What you are asked to do: From the first line to the last, retype the records exactly without their images.

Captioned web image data
□ □ □ □ □ □ □

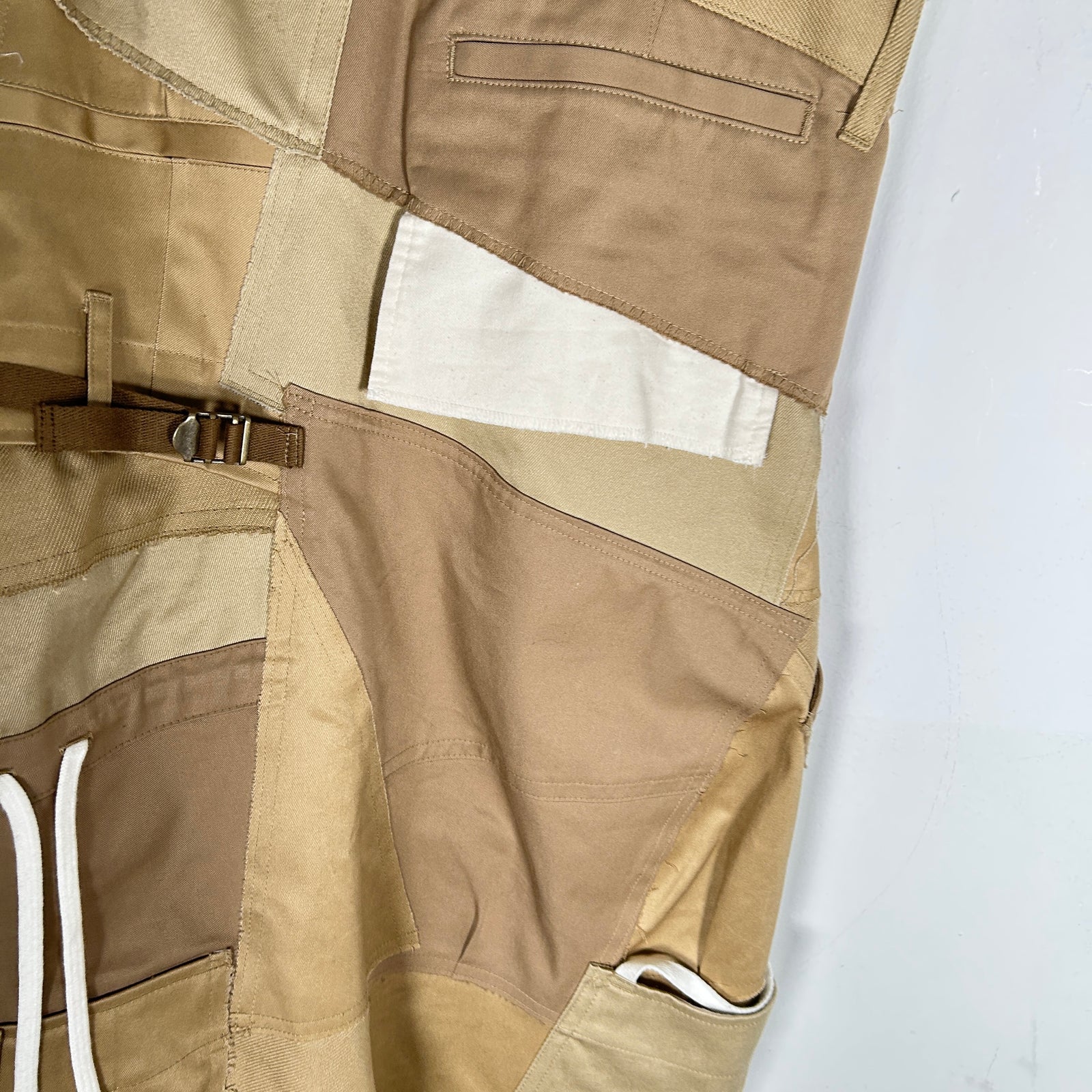 Junya Watanbe CDG Khaki Patchwork Dress Size S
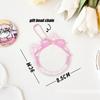 Kawaii Cat Ear Bow Lace PVC Badge Holder for 58mm Pin Badge Japanese Anime Game Baji Cover Pain Bag Backpack Key Chain Pendant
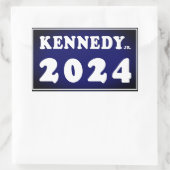 Kennedy Jr. 2024 Rechthoekige Sticker (Tas)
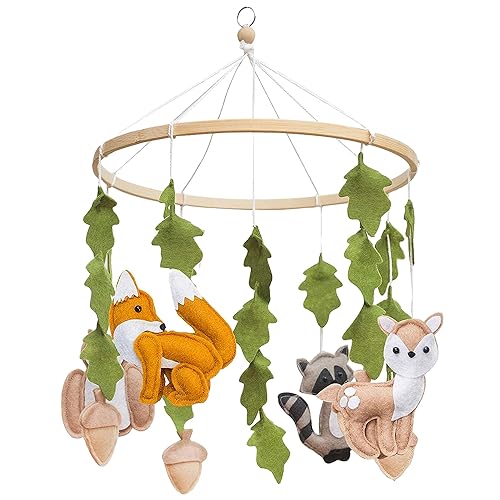 Mobile Waldtiere,MobileBaby,Mobile Filz,Mobile Wickeltisch,Mobile Baby Wald,Mobile Tiere Baby,Baby Mobile für Bett,Neugeborenen Geschenk Für Baby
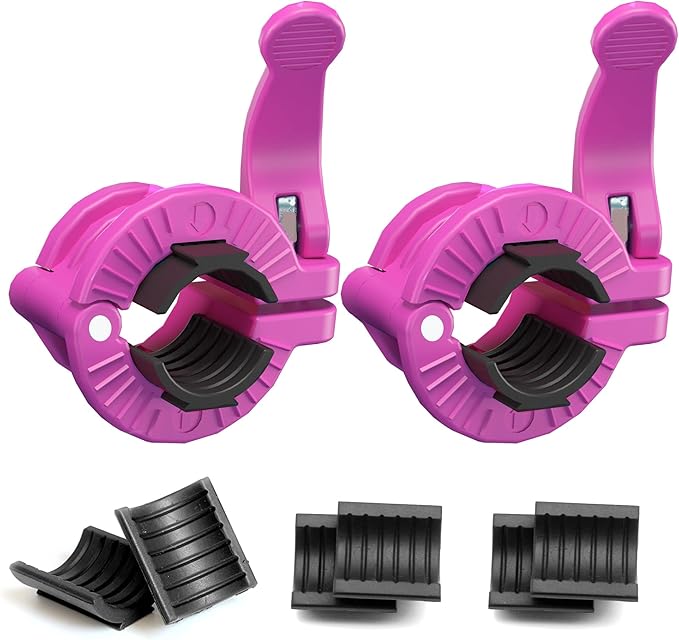 MAXRICH Barbell Clamp 1 inch Multiple Sizes & Adjustable Weight Clips for Quick Release Barbell Collars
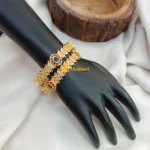 Tiny Mango Bangles White Stones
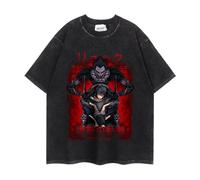 Death Anime Note T-Shirt Casual Sports Short Sleeve Harajuku Streetwear Tops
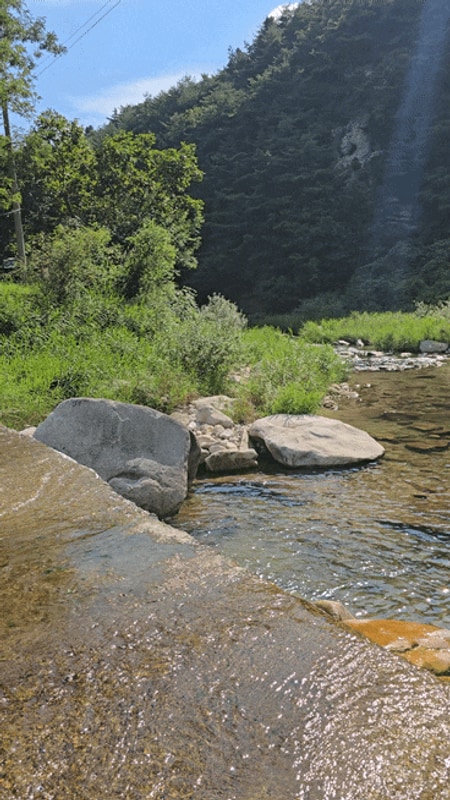 포천 백운오양골 캠핑장 데크 계곡 이용후기 : 여름휴가 즐기기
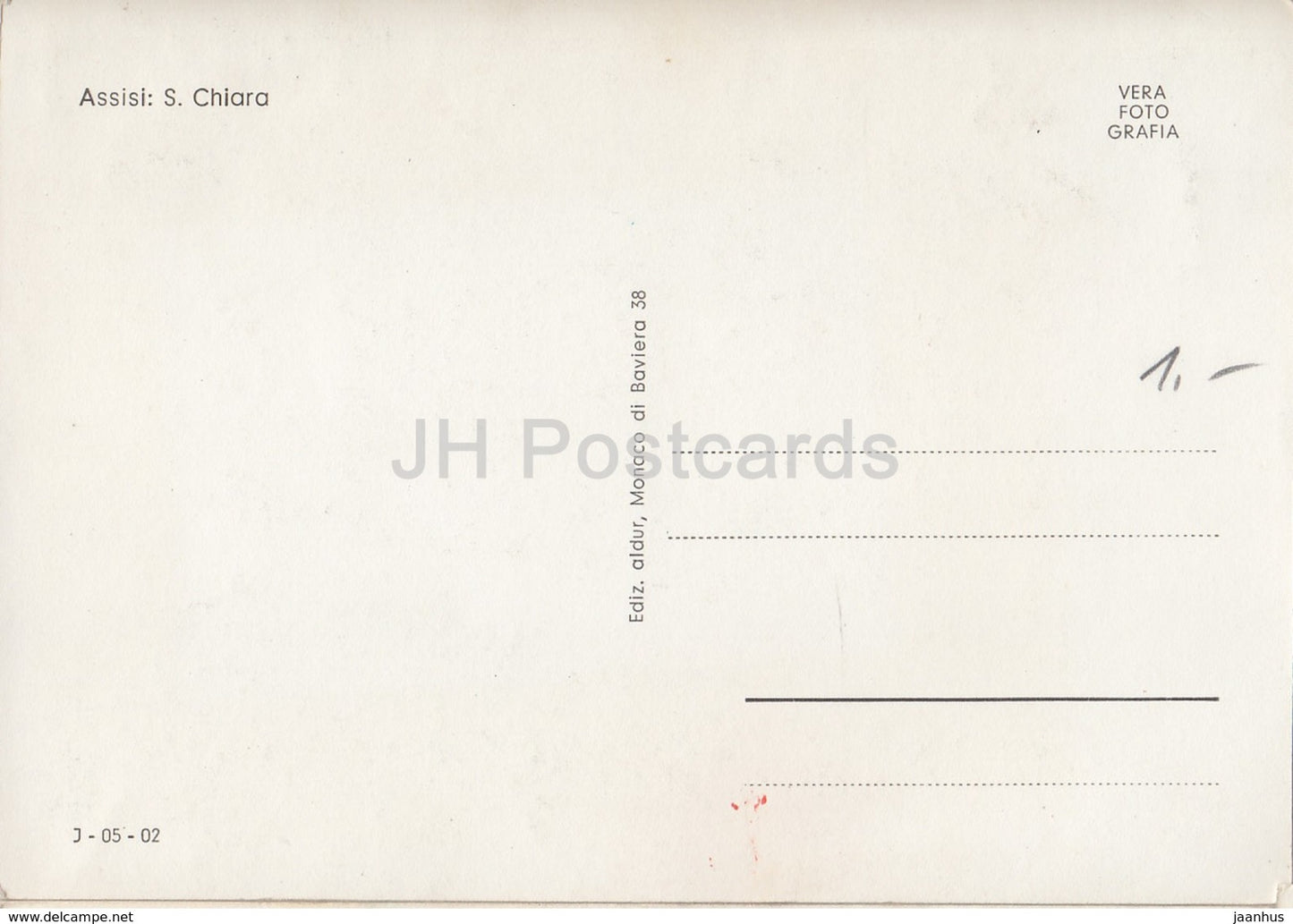 Assisi - S. Chiara - Italy - old postcard - unused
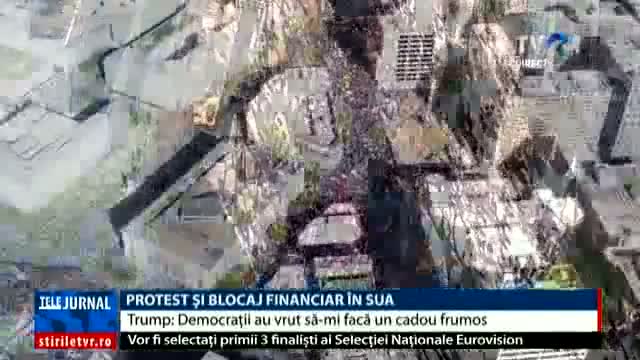 Protest și blocaj financiar în SUA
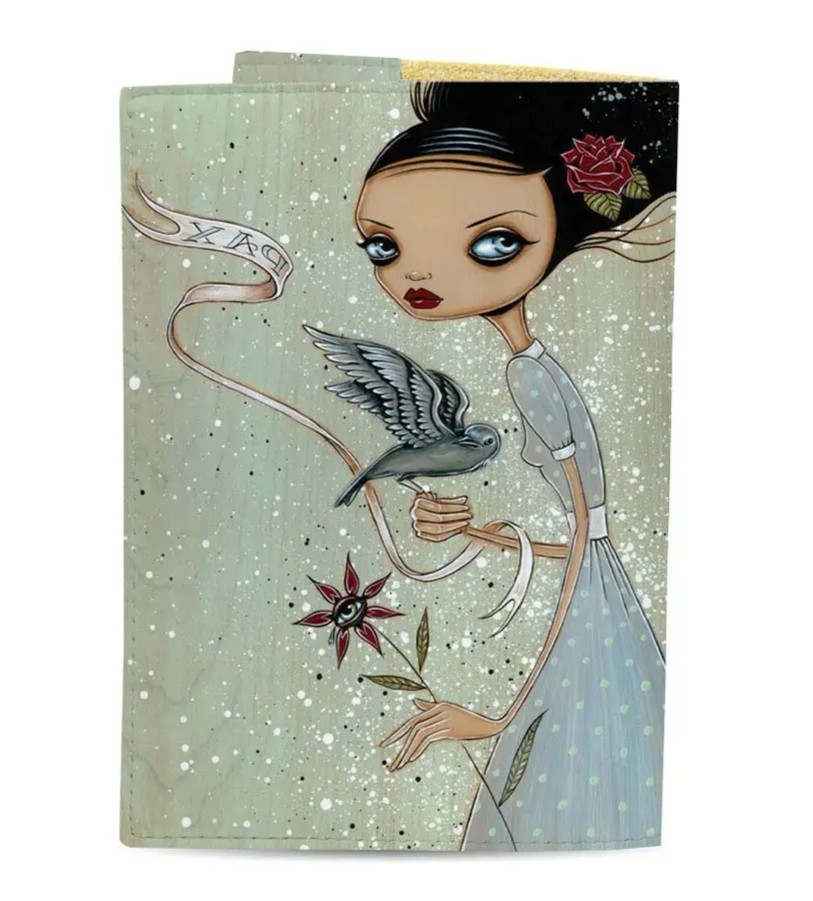 Обкладинка для паспорта Just Cover Дівчина З Квіткою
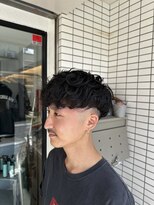 スウェル 船橋店(Swell) MEN’S HAIR/サーフカール/刈り上げセンターパート/船橋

□ □ □ □ □ □ □

Response for this exercise:
 Junya Watanbe CDG Khaki Patchwork Dress Size S
 Kawaii Cat Ear Bow Lace PVC Badge Holder for 58mm Pin Badge Japanese Anime Game Baji Cover Pain Bag Backpack Key Chain Pendant
 Kennedy Jr. 2024 Rechthoekige Sticker (Tas)
 Mobile Waldtiere,MobileBaby,Mobile Filz,Mobile Wickeltisch,Mobile Baby Wald,Mobile Tiere Baby,Baby Mobile für Bett,Neugeborenen Geschenk Für Baby
 MAXRICH Barbell Clamp 1 inch Multiple Sizes & Adjustable Weight Clips for Quick Release Barbell Collars
 Tiny Mango Bangles White Stones
 Death Anime Note T-Shirt Casual Sports Short Sleeve Harajuku Streetwear Tops
 포천 백운오양골 캠핑장 데크 계곡 이용후기 : 여름휴가 즐기기
 Assisi - S. Chiara - Italy - old postcard - unused
 Protest și blocaj financiar în SUA
 Обкладинка для паспорта Just Cover Дівчина З Квіткою
 スウェル 船橋店(Swell) MEN’S HAIR/サーフカール/刈り上げセンターパート/船橋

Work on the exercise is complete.